Lightspeed.

[Wyrm]

Er... in the comoving frame (i.e., comoving with the bulk of the matter of the universe), r' = Hr, where H is the (time-dependent) Hubble parameter, which has units of 1/time, so the separation velocity r' does have units of distance over time.

The Hubble constant the expansion rate, as I understand it. At least that's how MTW treats it. Yes, recesslional velocity does have units of distance over time, more on this in a sec.

You must have misunderstood. The Hubble constant isn't a rate of expansion, as it would have to have dimensions of [L/T] — and it doesn't: the usual units of the Hubble constant are (km/s)/Mpc, which has dimensions [(L/T)/L] = [1/T]. It's reciprocal is the Hubble time, which is to first order the age of the universe. (I find it unlikely that the Phone Book made such an elementary blunder.)

The true rate of expansion of the observable universe is the rate at which our absolute past expands.

[Paolo]

You must have misunderstood. The Hubble constant isn't a rate of expansion, as it would have to have dimensions of [L/T] — and it doesn't: the usual units of the Hubble constant are (km/s)/Mpc, which has dimensions [(L/T)/L] = [1/T]. It's reciprocal is the Hubble time, which is to first order the age of the universe. (I find it unlikely that the Phone Book made such an elementary blunder.)

Went back and checked: "One parameter close to the observations is the Hubble expansion rate today, i.e., the 'Hubble constant...' (p.772, MTW, emphasis theirs)

The true rate of expansion of the observable universe is the rate at which our absolute past expands.

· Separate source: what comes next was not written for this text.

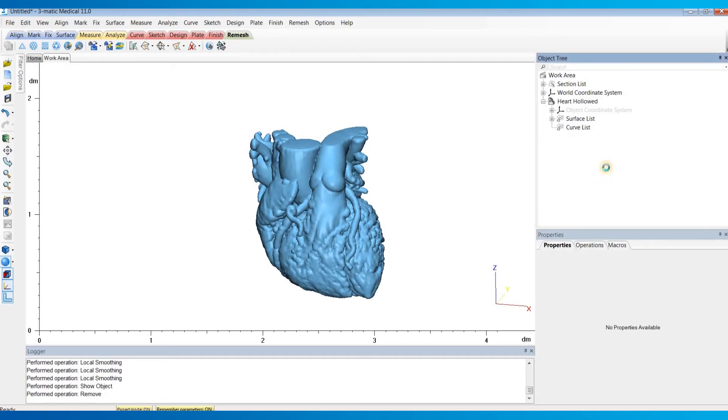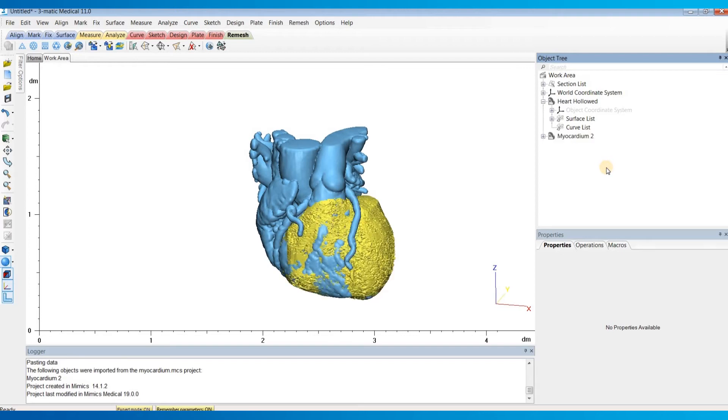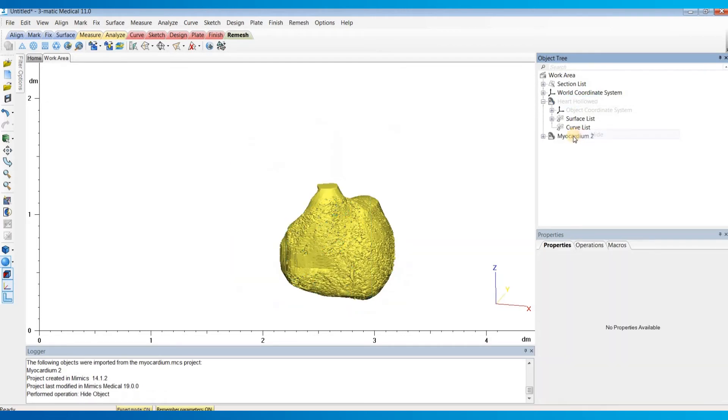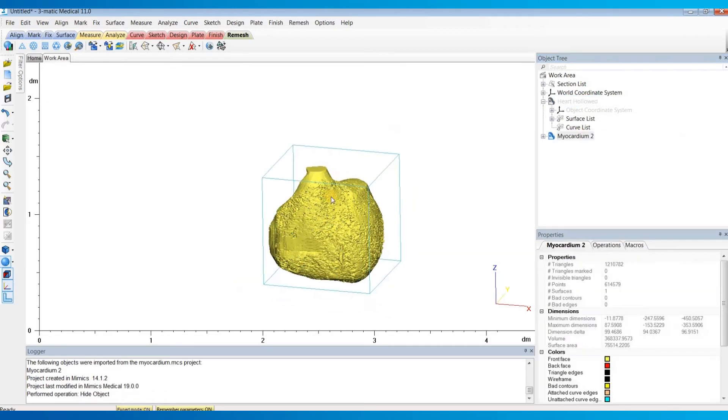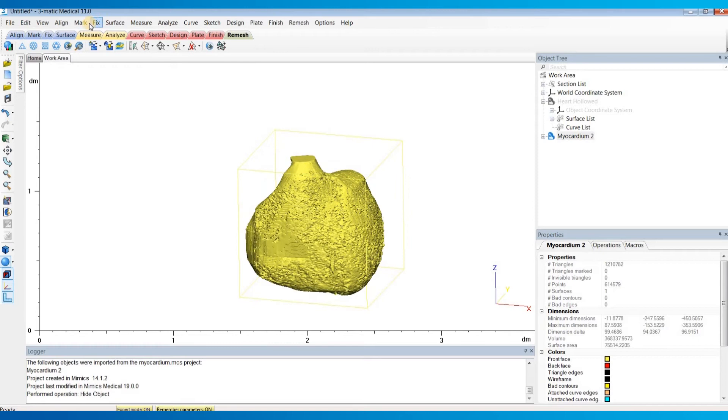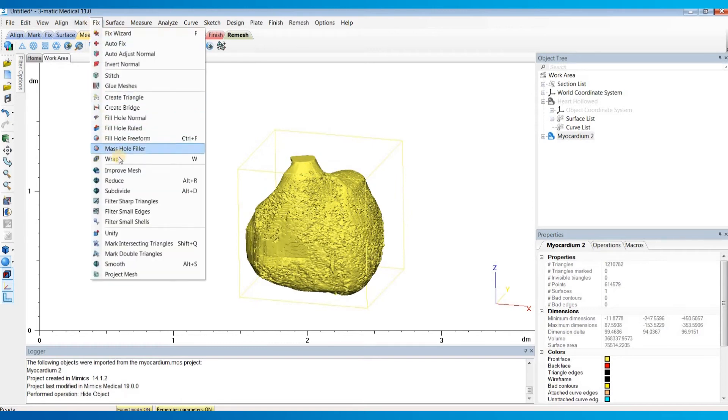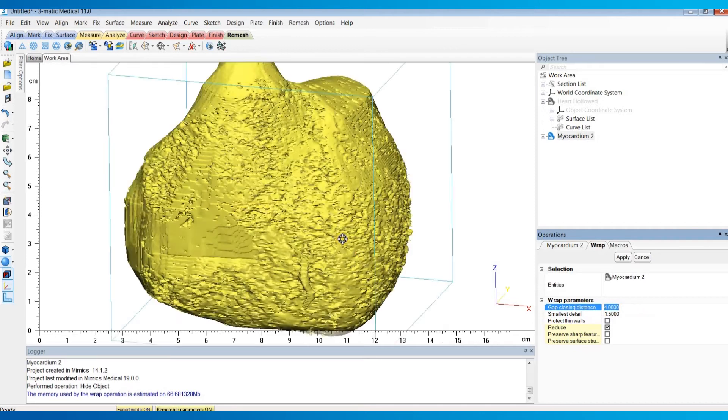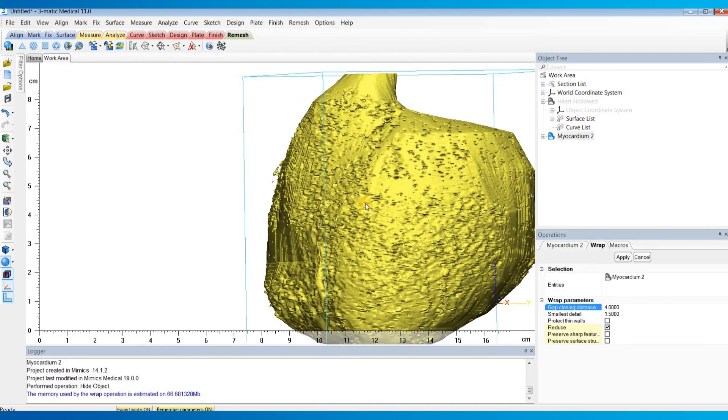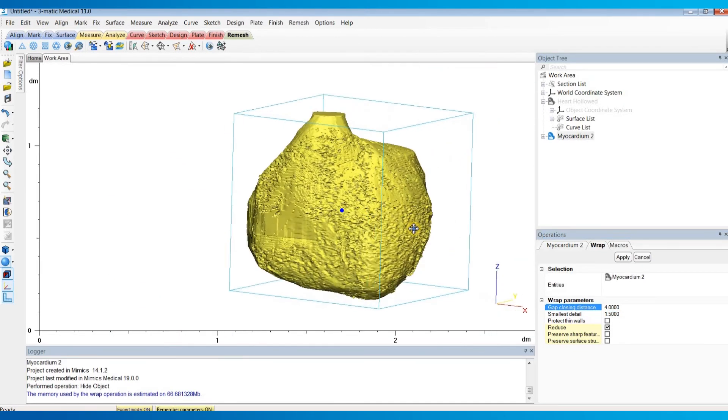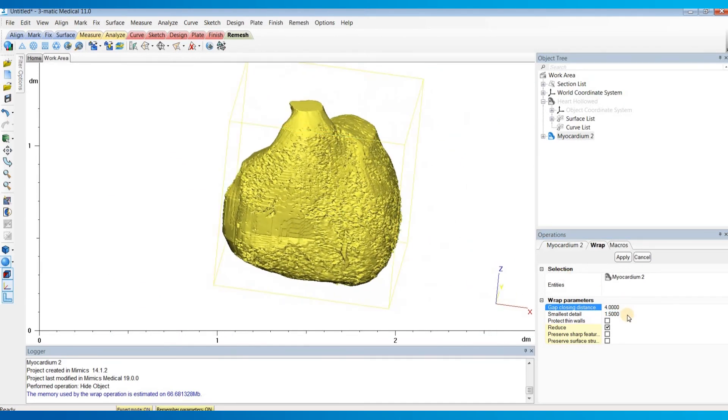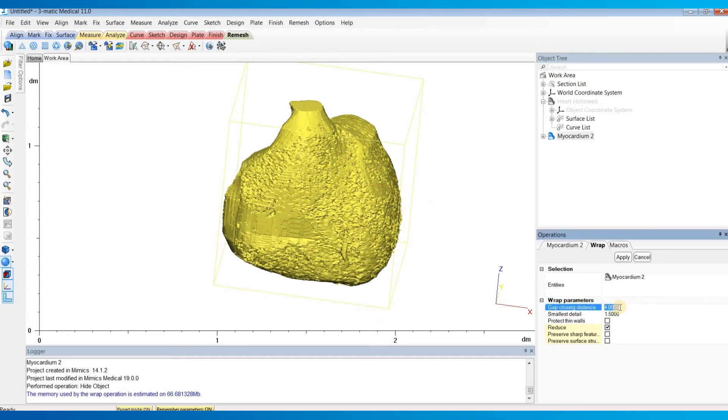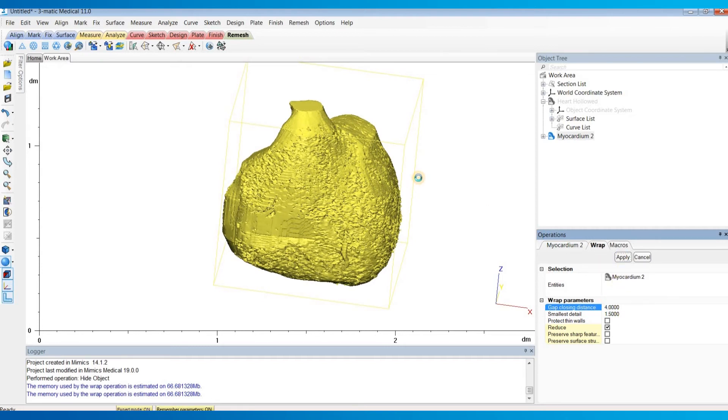Then hit Ctrl+V in 3Matic to paste it in. Now the first thing I'll typically do is under the fixed menu, I'll do a wrap. I'm going to set a pretty large gap closing distance to fill in all of these holes on the surface of our myocardium, as well as a pretty large smallest detail to get a really smooth surface. So I'm going to use 4mm for the gap closing distance and 1.5mm for the smallest detail.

Not sure what you mean by "absolute past," but if you're saying what I think you're saying then we should note that Hubble's parameter depends on comoving time and you can compute the conformal time coordinates by dividing out the time derivative of the scale factor and integrating from t = 0 to now in cosmological time. Correct?

[Kuroneko]

The Hubble constant the expansion rate, as I understand it.

The Hubble parameter is H = a'/a, where a = a(t) is the scale factor, and ' denostes differentiation with respect to cosmological time. This found in any other textbook; you almost-quote this from MTW later.

Went back and checked: "One parameter close to the observations is the Hubble expansion rate today, i.e., the 'Hubble constant...' (p.772, MTW, emphasis theirs)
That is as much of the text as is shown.